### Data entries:

-------------------------

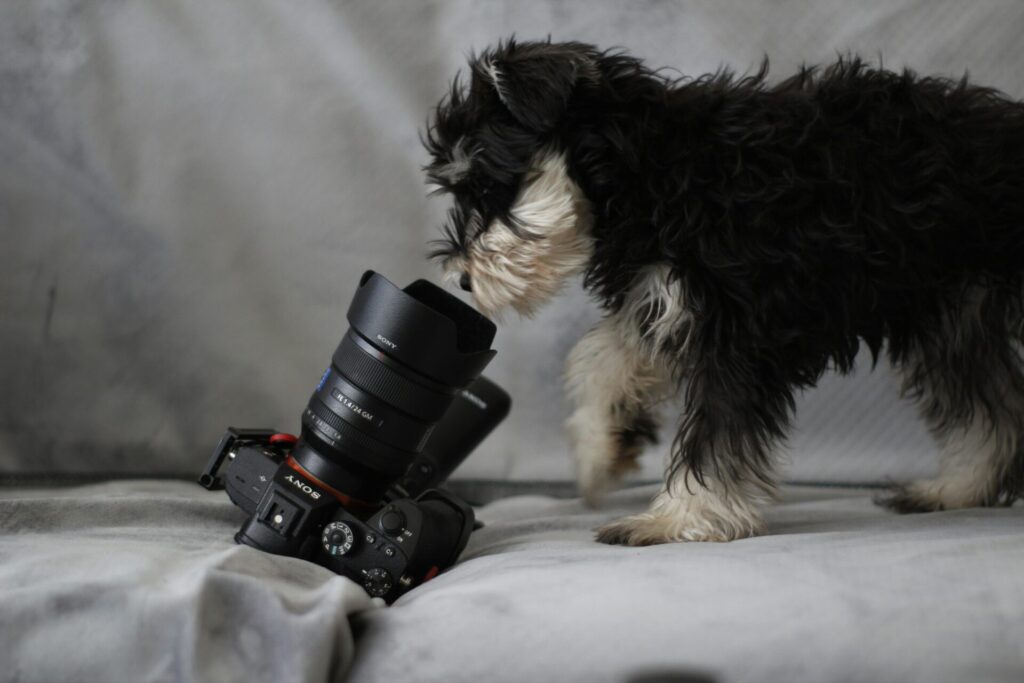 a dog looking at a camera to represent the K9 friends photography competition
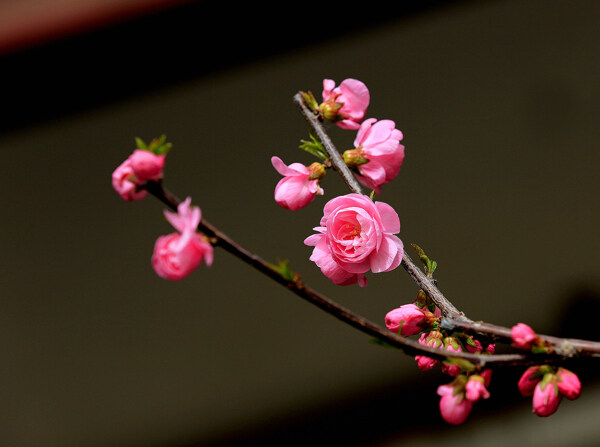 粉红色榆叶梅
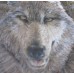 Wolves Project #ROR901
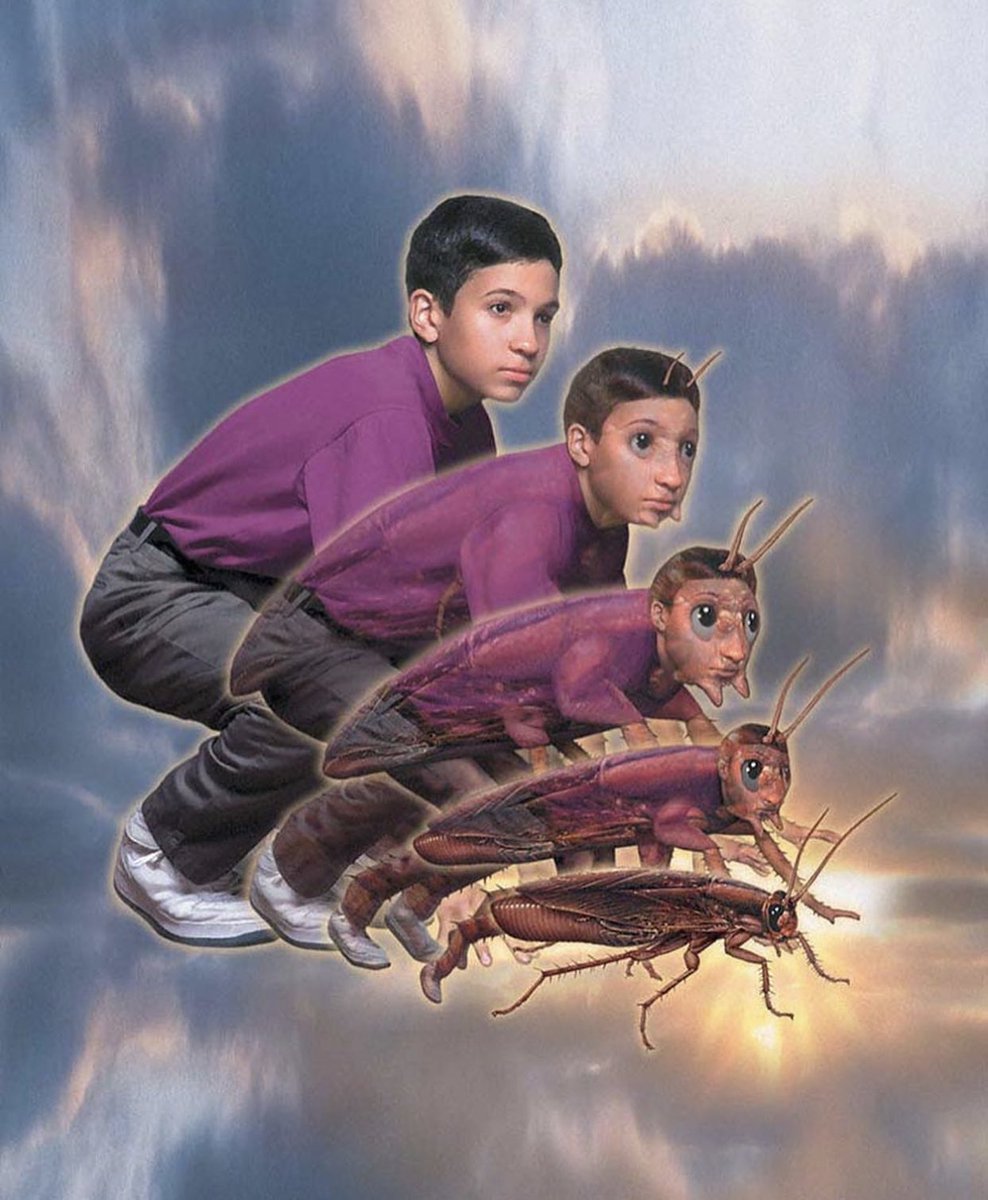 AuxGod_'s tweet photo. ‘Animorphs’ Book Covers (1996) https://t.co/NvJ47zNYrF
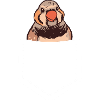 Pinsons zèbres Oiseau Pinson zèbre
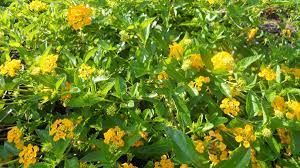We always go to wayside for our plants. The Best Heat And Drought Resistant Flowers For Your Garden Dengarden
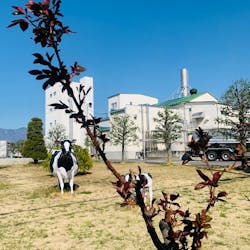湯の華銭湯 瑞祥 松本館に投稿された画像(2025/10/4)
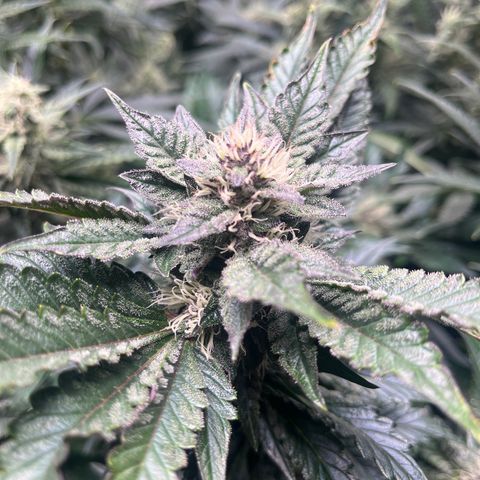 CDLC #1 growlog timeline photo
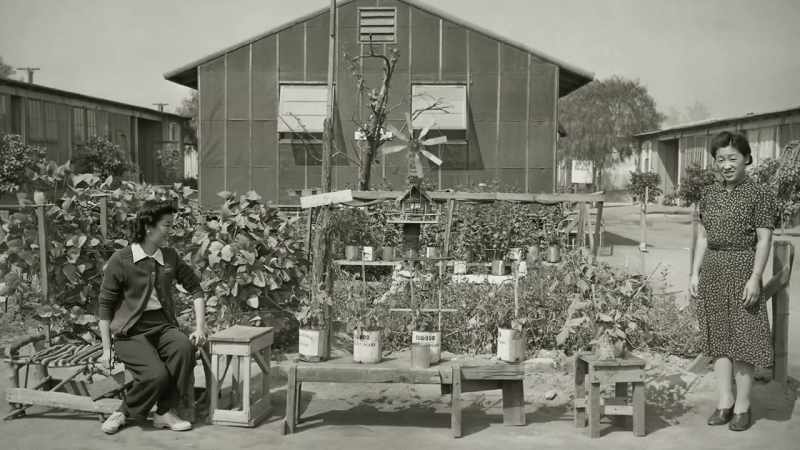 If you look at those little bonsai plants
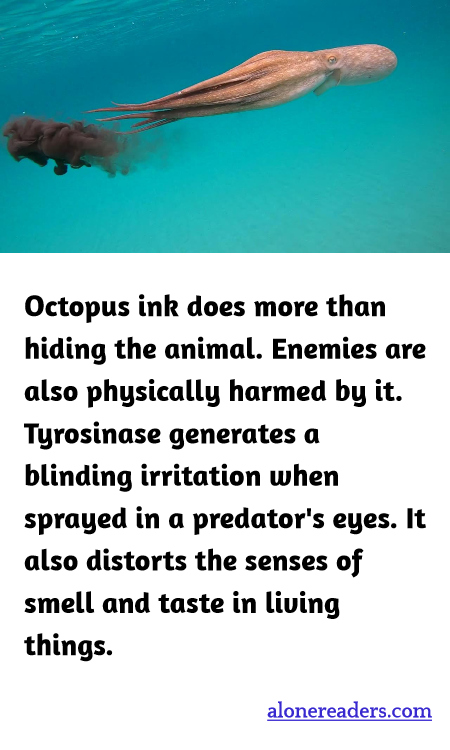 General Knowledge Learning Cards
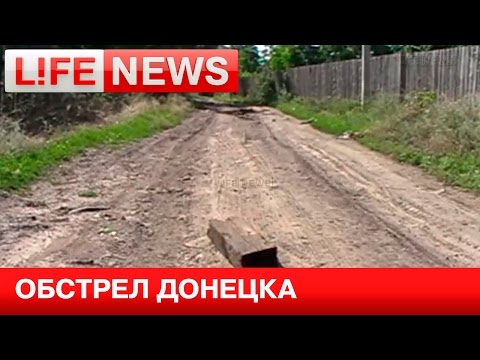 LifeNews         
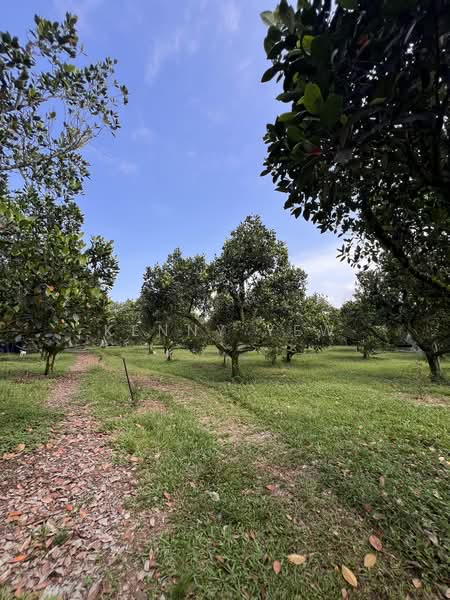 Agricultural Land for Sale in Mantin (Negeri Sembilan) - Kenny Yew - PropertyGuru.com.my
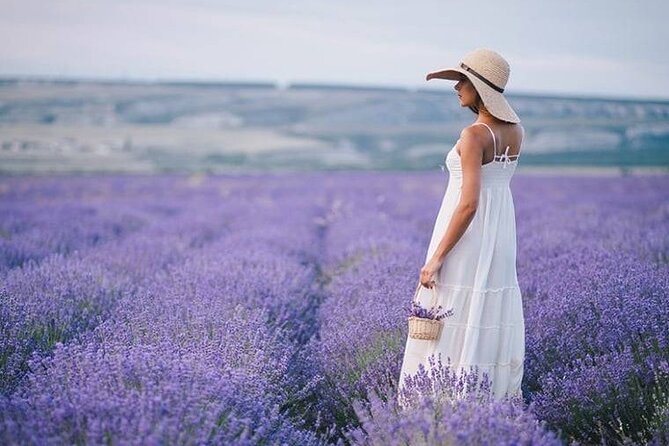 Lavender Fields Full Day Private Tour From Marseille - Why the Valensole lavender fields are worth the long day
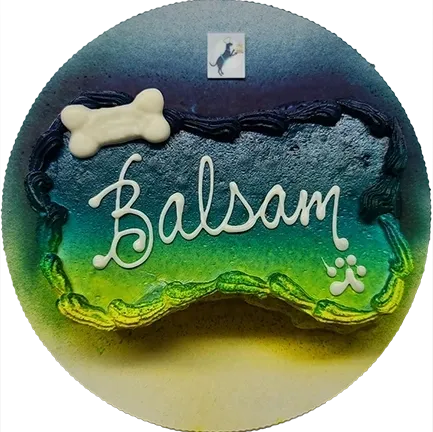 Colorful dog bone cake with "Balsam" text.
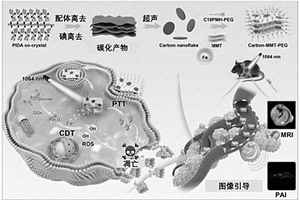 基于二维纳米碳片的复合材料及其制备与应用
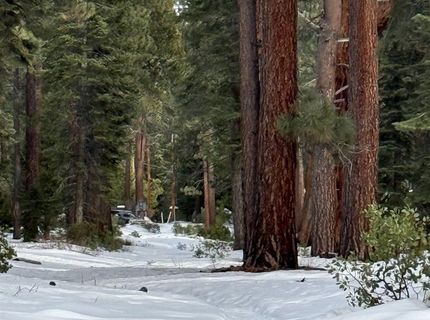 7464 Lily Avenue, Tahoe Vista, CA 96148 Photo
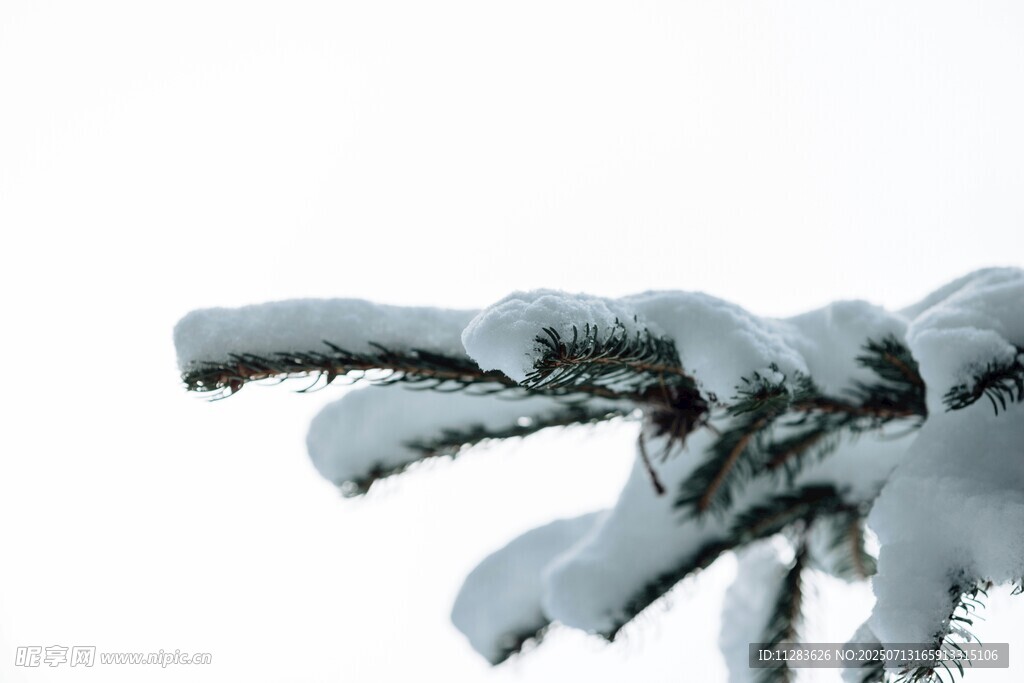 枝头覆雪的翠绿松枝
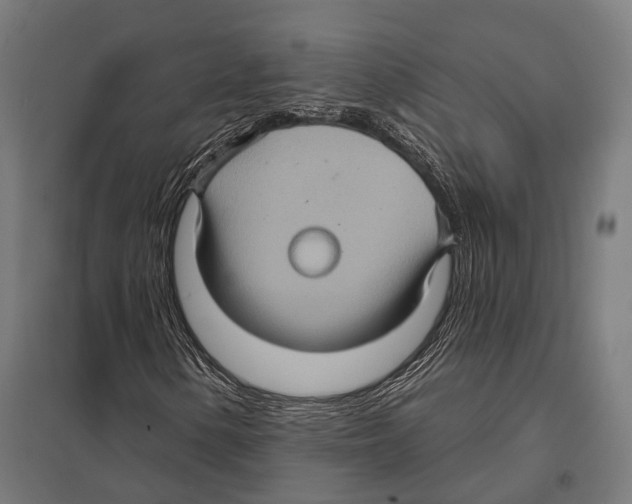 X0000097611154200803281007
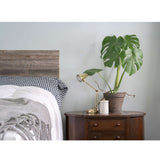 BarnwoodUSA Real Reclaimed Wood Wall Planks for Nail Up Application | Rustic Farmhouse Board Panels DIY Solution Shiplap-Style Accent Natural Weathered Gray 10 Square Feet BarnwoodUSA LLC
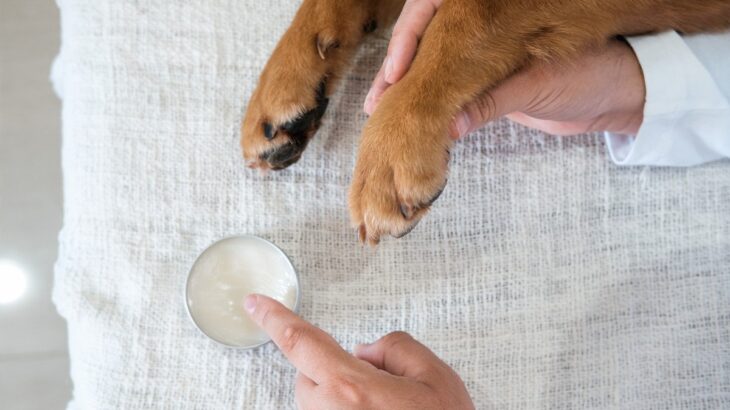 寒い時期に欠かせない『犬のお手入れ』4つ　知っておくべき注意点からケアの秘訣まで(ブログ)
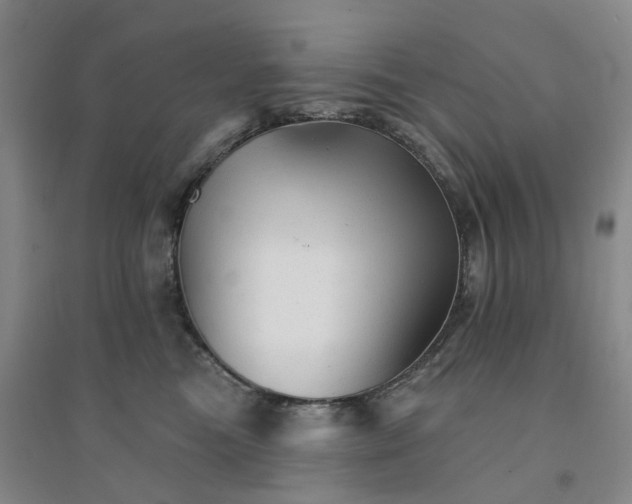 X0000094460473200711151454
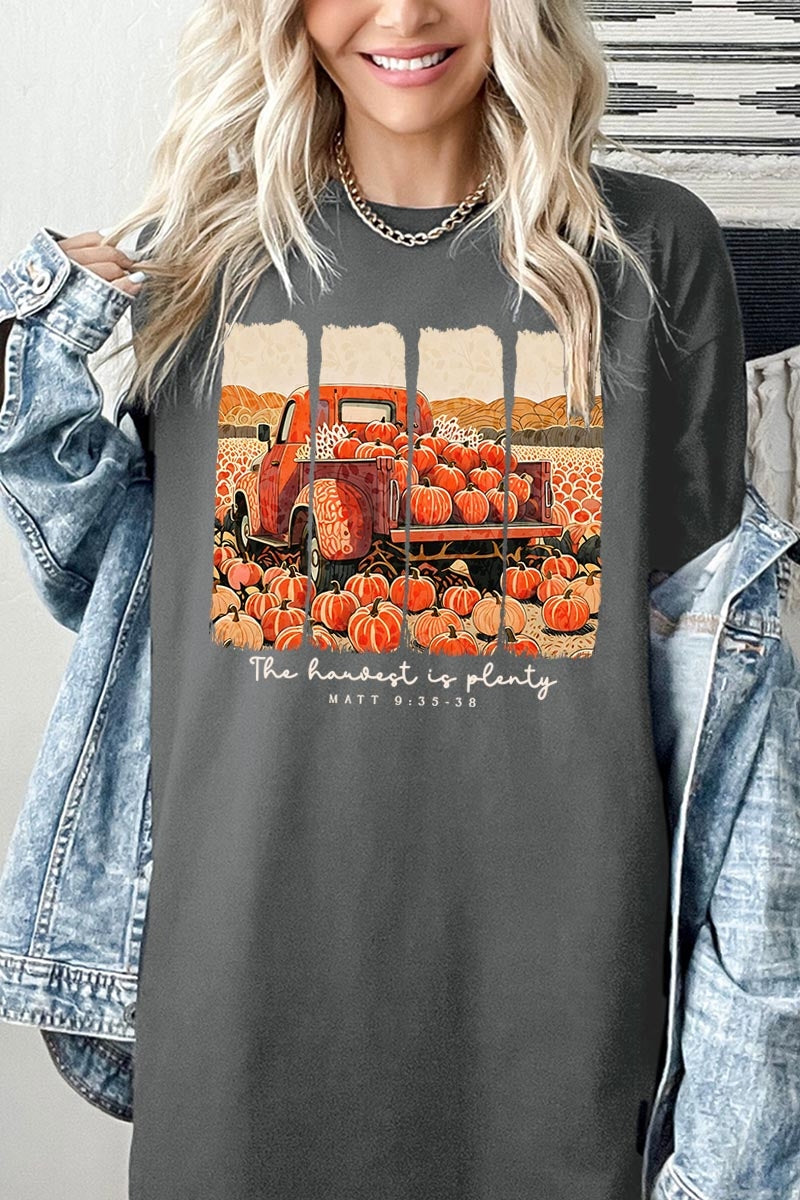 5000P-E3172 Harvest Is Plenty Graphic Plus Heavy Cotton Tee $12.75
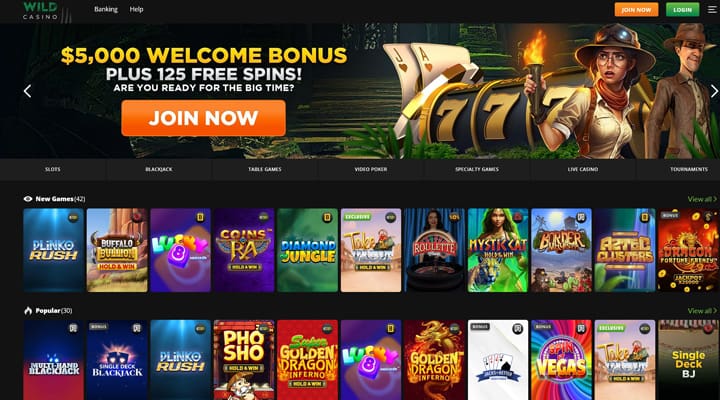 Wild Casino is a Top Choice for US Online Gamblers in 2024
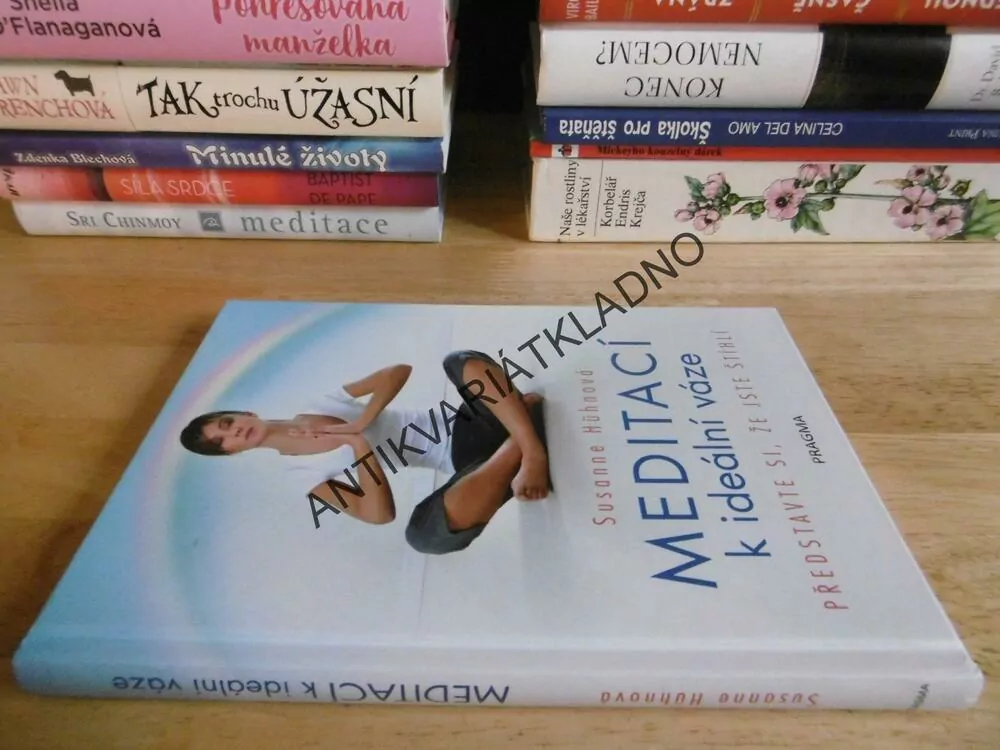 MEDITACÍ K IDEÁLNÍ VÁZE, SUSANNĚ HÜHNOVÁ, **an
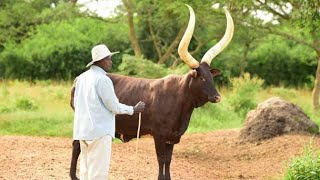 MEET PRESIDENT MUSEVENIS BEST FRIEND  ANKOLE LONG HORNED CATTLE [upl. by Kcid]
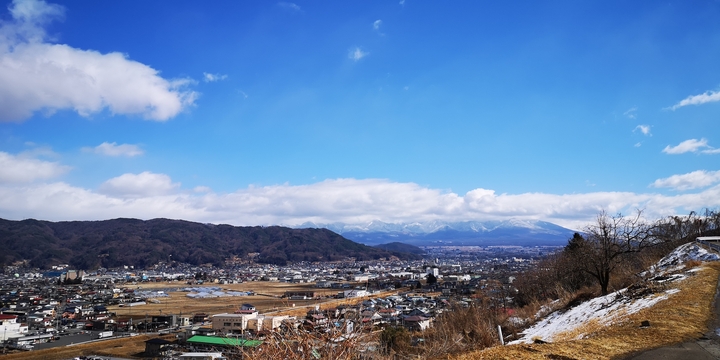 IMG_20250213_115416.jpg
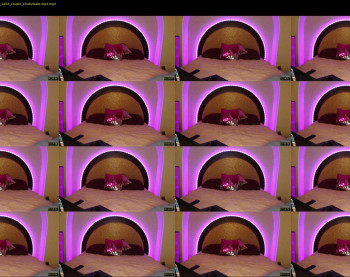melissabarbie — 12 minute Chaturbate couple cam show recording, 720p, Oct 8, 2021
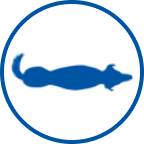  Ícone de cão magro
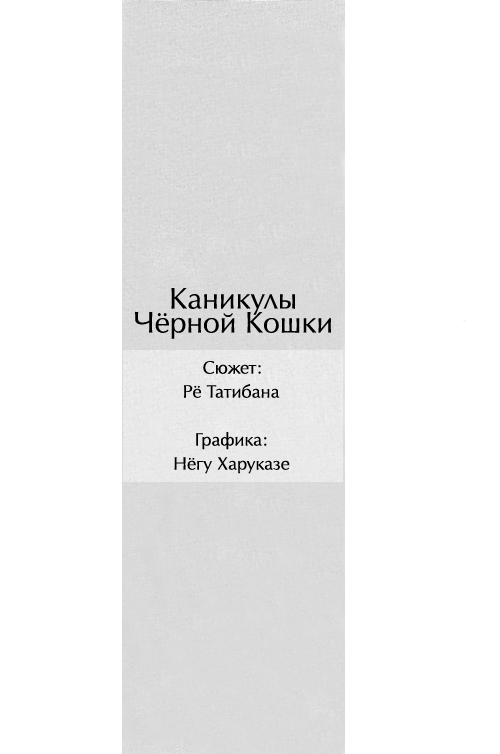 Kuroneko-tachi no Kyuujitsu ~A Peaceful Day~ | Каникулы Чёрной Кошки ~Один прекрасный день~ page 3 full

-------------------------

### PROBLEM TO SOLVE:
Take the records above from their first line through the line with "X0000097611154200803281007" and set those lines down word for word, minus the pictures.

### OUTPUT OF THE EXERCISE:
 a dog looking at a camera to represent the K9 friends photography competition
 粉红色榆叶梅
 Wolves Project #ROR901
 AuxGod_'s tweet photo. ‘Animorphs’ Book Covers (1996) https://t.co/NvJ47zNYrF
 Pinsons zèbres Oiseau Pinson zèbre
We always go to wayside for our plants. The Best Heat And Drought Resistant Flowers For Your Garden Dengarden
湯の華銭湯 瑞祥 松本館に投稿された画像(2025/10/4)
 CDLC #1 growlog timeline photo
 If you look at those little bonsai plants
 General Knowledge Learning Cards
 LifeNews         
 Agricultural Land for Sale in Mantin (Negeri Sembilan) - Kenny Yew - PropertyGuru.com.my
 Lavender Fields Full Day Private Tour From Marseille - Why the Valensole lavender fields are worth the long day
 Colorful dog bone cake with "Balsam" text.
 基于二维纳米碳片的复合材料及其制备与应用
 7464 Lily Avenue, Tahoe Vista, CA 96148 Photo
 枝头覆雪的翠绿松枝
 X0000097611154200803281007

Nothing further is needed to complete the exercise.